## Task
Copy every entry in the listing below exactly, but not the pictures.

──────

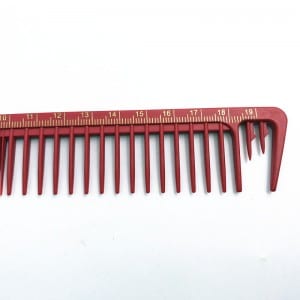 Beauty salon carbon plastic hair cutting comb for sale in low price
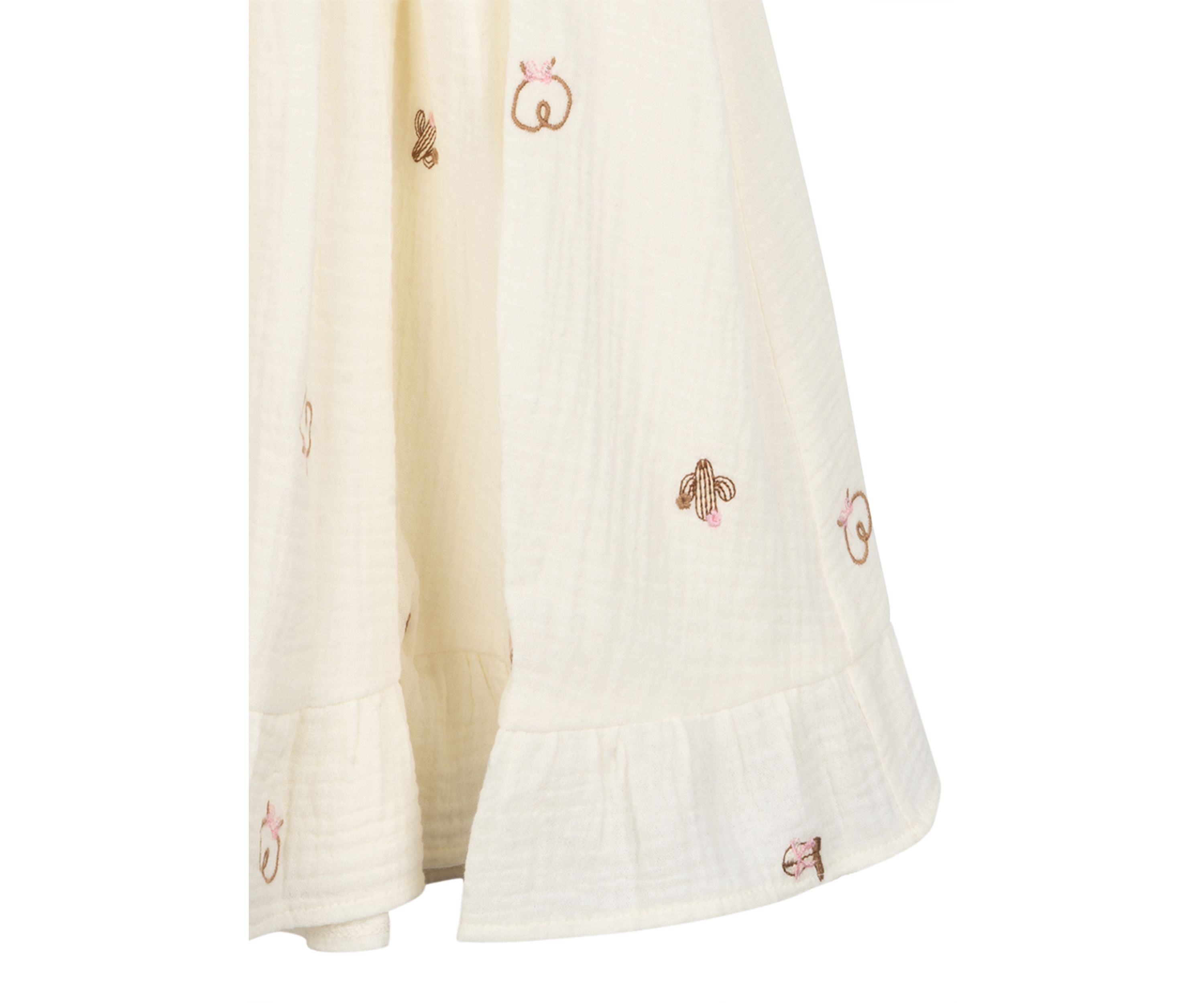 Toddler Girls Western Theme Gauze Dress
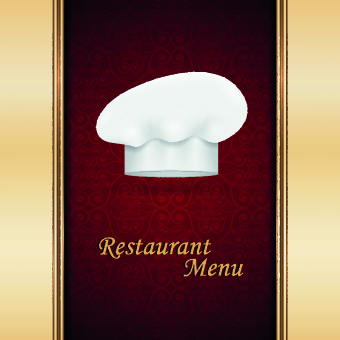 restaurant menu hat cover chef 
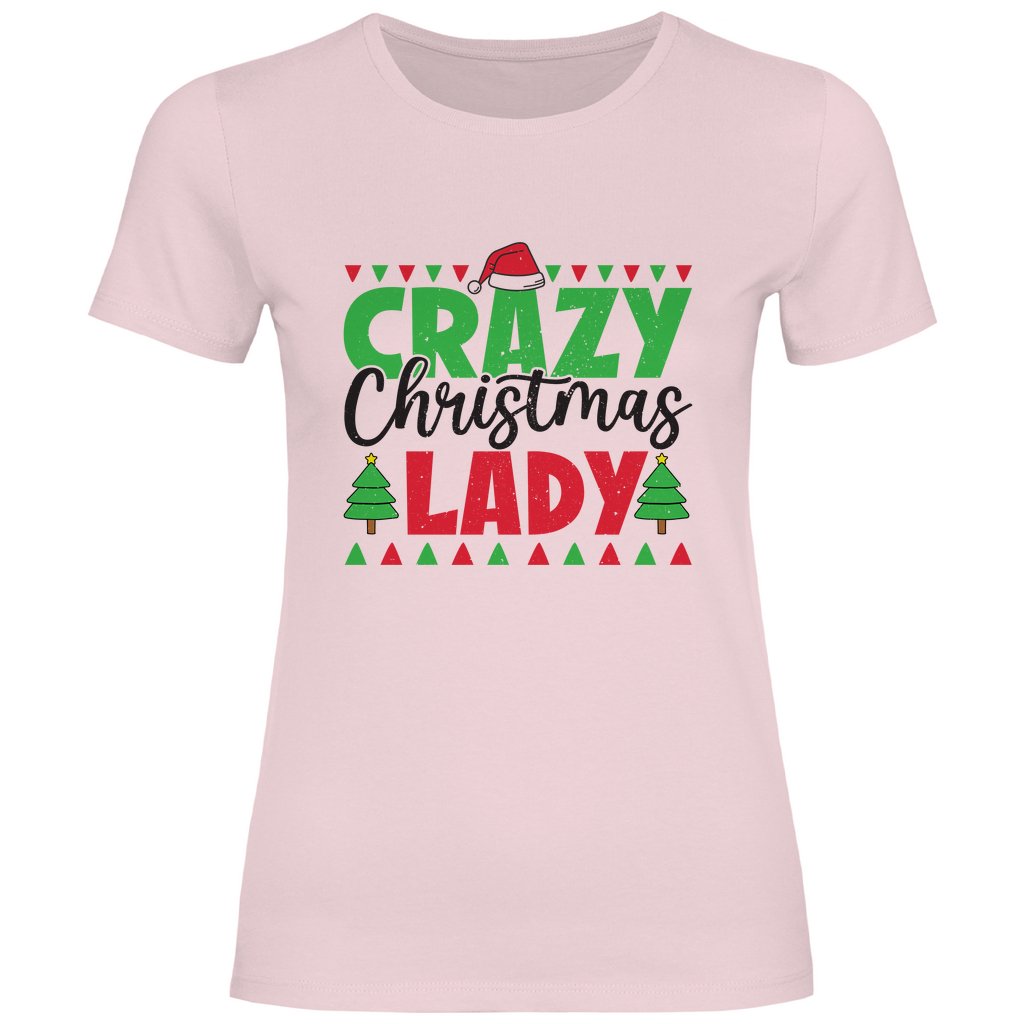Damen T-Shirt "Crazy Christmas Lady" - Grafikmagie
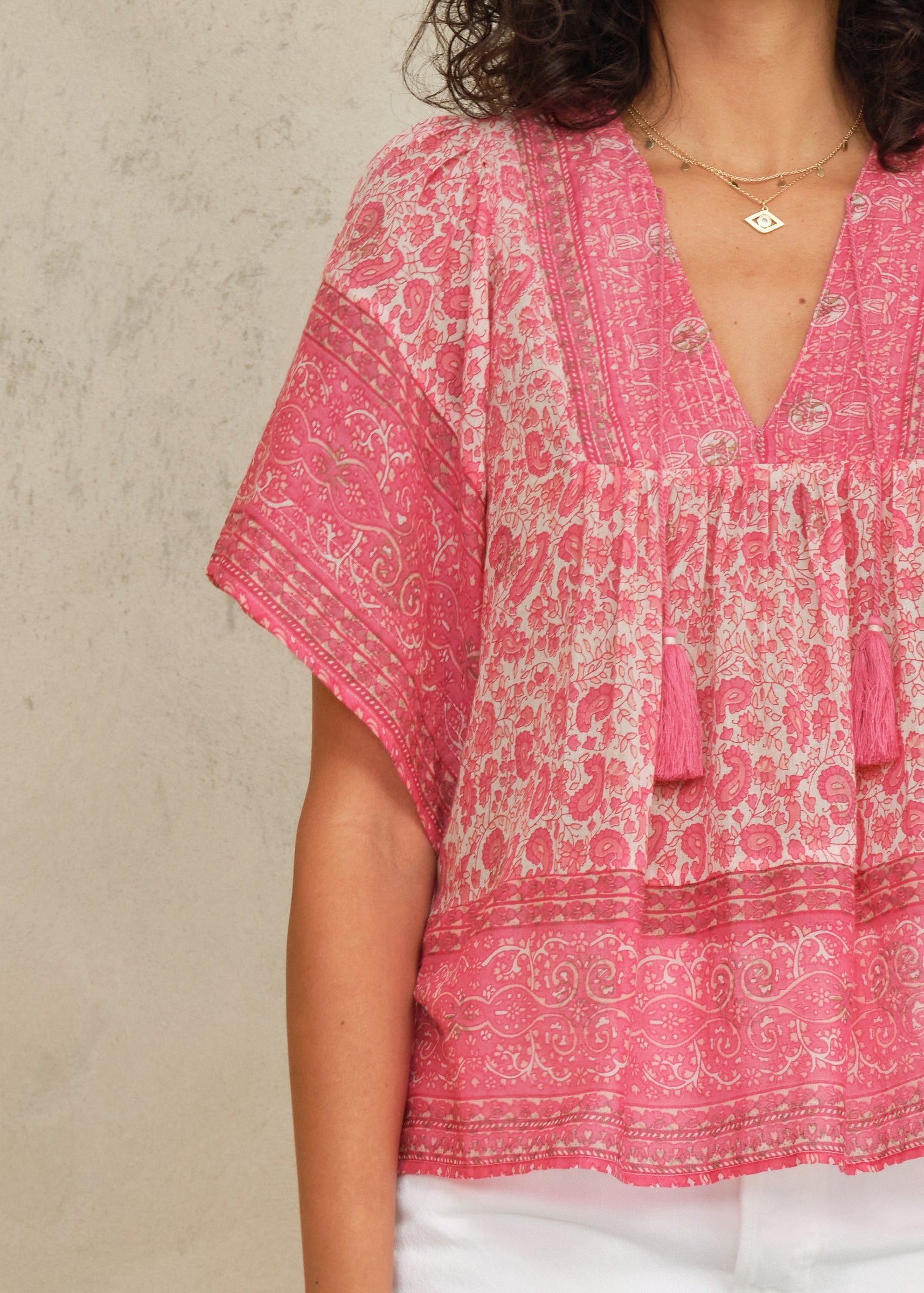 Esti Short Sleeve Top - Pink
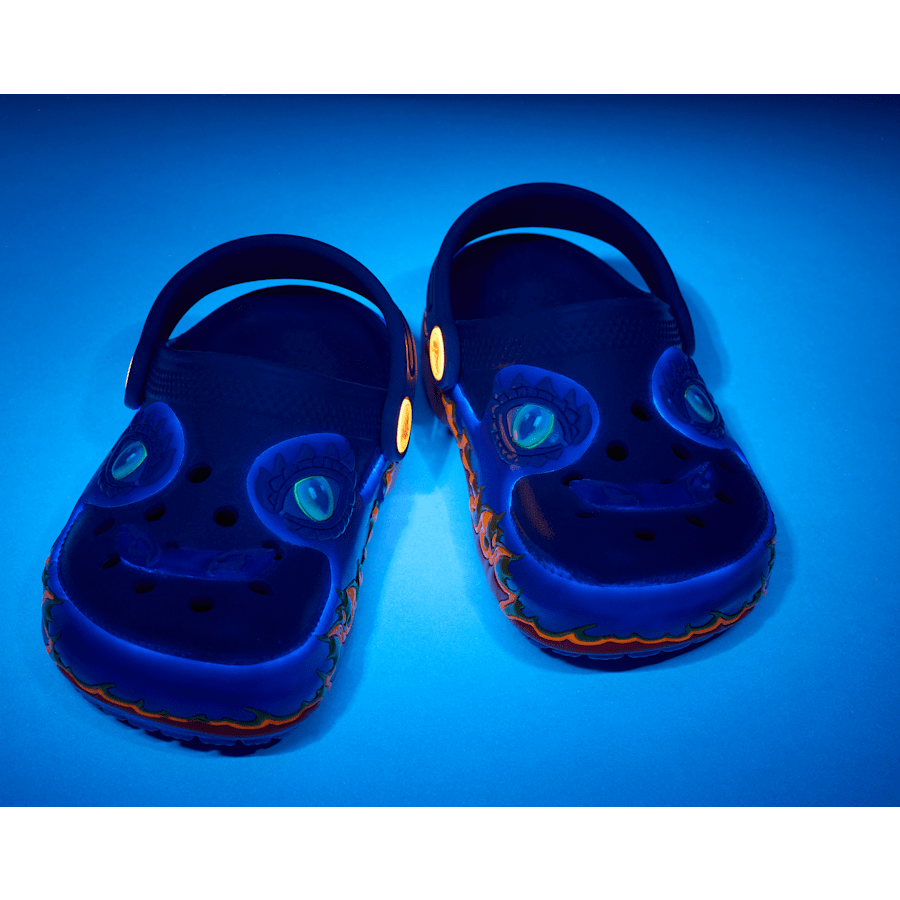 Toddler Classic IAM Dragon Lights Clog - Image 7
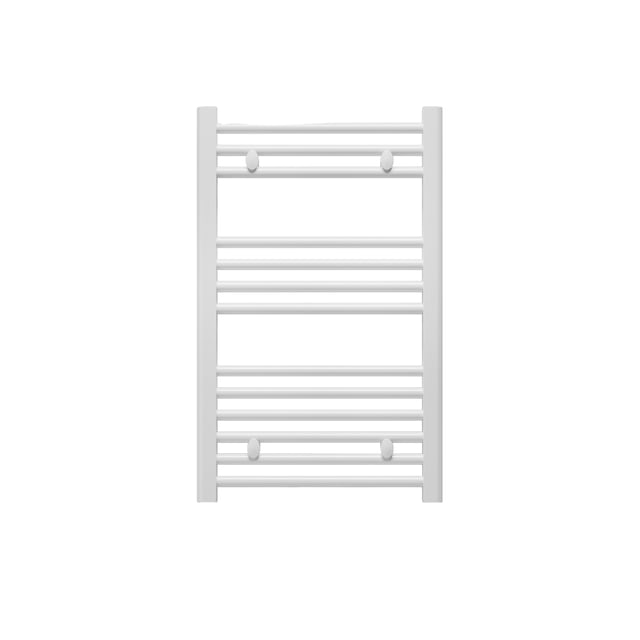 Fácula - Radiatore Asciugamani ad Acqua Ocean Bianco 803x500mm | 3 supporti+purge | Connessioni 3x1/2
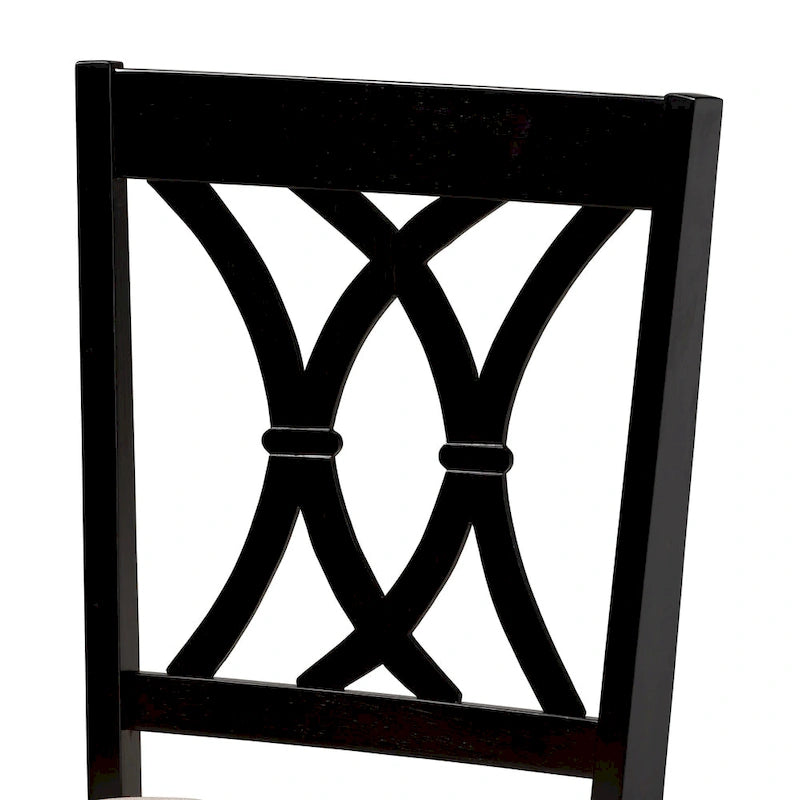 Reneau Modern and Contemporary Upholstered Wood 7-Piece Dining Set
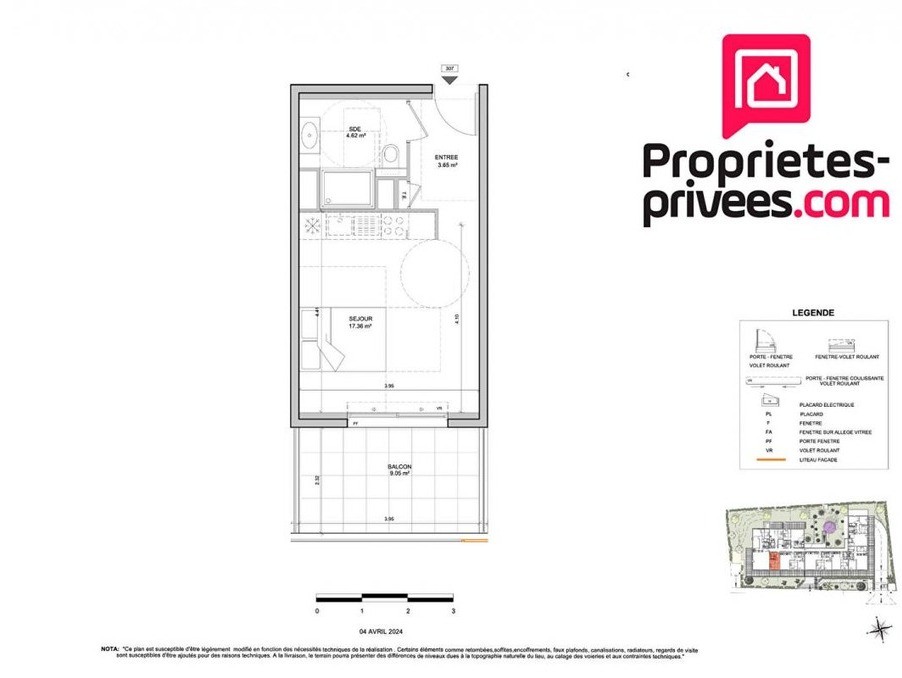 Vente Appartement à Villeneuve-Loubet 1 pièce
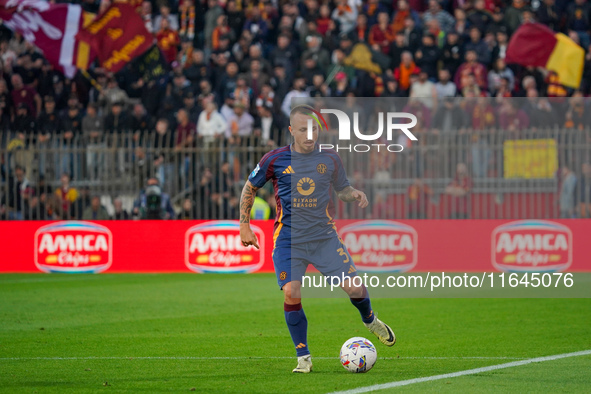 Angelino plays during the AC Monza against AS Roma match in Serie A at U-Power Stadium in Monza, Italy, on October 6, 2024.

──────

## Task response
 Beauty salon carbon plastic hair cutting comb for sale in low price
 Toddler Girls Western Theme Gauze Dress
 restaurant menu hat cover chef 
Damen T-Shirt "Crazy Christmas Lady" - Grafikmagie
 Esti Short Sleeve Top - Pink
 Toddler Classic IAM Dragon Lights Clog - Image 7
 Fácula - Radiatore Asciugamani ad Acqua Ocean Bianco 803x500mm | 3 supporti+purge | Connessioni 3x1/2
 Reneau Modern and Contemporary Upholstered Wood 7-Piece Dining Set
 Vente Appartement à Villeneuve-Loubet 1 pièce
 Angelino plays during the AC Monza against AS Roma match in Serie A at U-Power Stadium in Monza, Italy, on October 6, 2024.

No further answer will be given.